Start ups don’t offer market rate compensation. Typically salaries will lag by 30% or more compared with even mid-level tech companies, not even considering FAANG at all. That’s just base salary. Most startups don’t pay a bonus, and the equity is usually very poor on an annualized basis, and it’s mostly tied up in options where you have to deal with the strike price and tax issues.
A wildly successful compensation outcome for an employee at a startup would be ~75% of a comparable market salary plus a few hundred thousand dollars of post-tax income from equity after 8-10 years, amounting to say $25,000 per year of equity/bonus.
At a totally mid range tech company or large company with some technology, you would make 100% of that market rate and probably make $25,000 just in a bonus per year, plus an additional $30k to $50k of RSUs per year, which you don’t have to wait 8-10 years to sell.

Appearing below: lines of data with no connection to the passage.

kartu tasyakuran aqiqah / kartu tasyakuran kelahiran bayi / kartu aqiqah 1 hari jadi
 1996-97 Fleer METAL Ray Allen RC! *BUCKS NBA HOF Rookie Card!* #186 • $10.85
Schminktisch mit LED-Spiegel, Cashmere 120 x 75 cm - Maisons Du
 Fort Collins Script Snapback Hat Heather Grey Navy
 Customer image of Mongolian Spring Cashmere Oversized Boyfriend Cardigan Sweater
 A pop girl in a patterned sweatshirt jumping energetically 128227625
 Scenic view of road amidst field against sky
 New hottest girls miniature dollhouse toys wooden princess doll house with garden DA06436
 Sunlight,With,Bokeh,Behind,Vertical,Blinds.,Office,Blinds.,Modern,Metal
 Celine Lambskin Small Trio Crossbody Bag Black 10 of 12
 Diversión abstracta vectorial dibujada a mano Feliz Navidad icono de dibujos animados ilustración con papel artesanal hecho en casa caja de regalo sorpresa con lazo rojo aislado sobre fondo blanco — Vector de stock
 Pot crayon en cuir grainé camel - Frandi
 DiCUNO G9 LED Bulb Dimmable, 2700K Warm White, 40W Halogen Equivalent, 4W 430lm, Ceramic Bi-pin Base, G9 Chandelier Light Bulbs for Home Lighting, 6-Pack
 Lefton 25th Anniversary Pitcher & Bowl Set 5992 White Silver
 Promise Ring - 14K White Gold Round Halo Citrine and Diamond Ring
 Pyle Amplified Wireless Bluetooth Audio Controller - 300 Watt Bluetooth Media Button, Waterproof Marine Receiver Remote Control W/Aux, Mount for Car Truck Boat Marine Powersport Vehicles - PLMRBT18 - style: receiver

In an extremely conservative estimate, you’re probably losing $200,000 of post tax equity / bonus income over 8 years by choosing a startup over a mature but run-of-the-mill tech company or other large company that has tech teams.
If your market salary is ~ $150k, the startup is probably paying $115k and will give worse raises and promotions. Conservatively that’s another $180k of lost post-tax income over 8 years (35k delta times 8 minus taxes).
In total that’s about $400k of lost post-tax income by working at the start up for 8 years, and the alternative I’m comparing to is a very conservative estimate $150k base, $50k equity $25k bonus assuming no stock growth or raises, which is a totally run of the mill offer in large cities even 5 years ago for roles with 3-4 years of experience.
And that’s under a huge IF the startup is wildly successful and all those options are actually worth a few hundred thousand after taxes. That’s a rare outcome. They could be worth nearly nothing, and then you’re talking about foregoing around $550k of post tax income over 8 years (225k all in per year minus 115k at a failing startup, per year, x8 then less taxes).
Is the high, high risk of leaving $550k on the table worth it for vague promises of “interesting work” that isn’t guaranteed?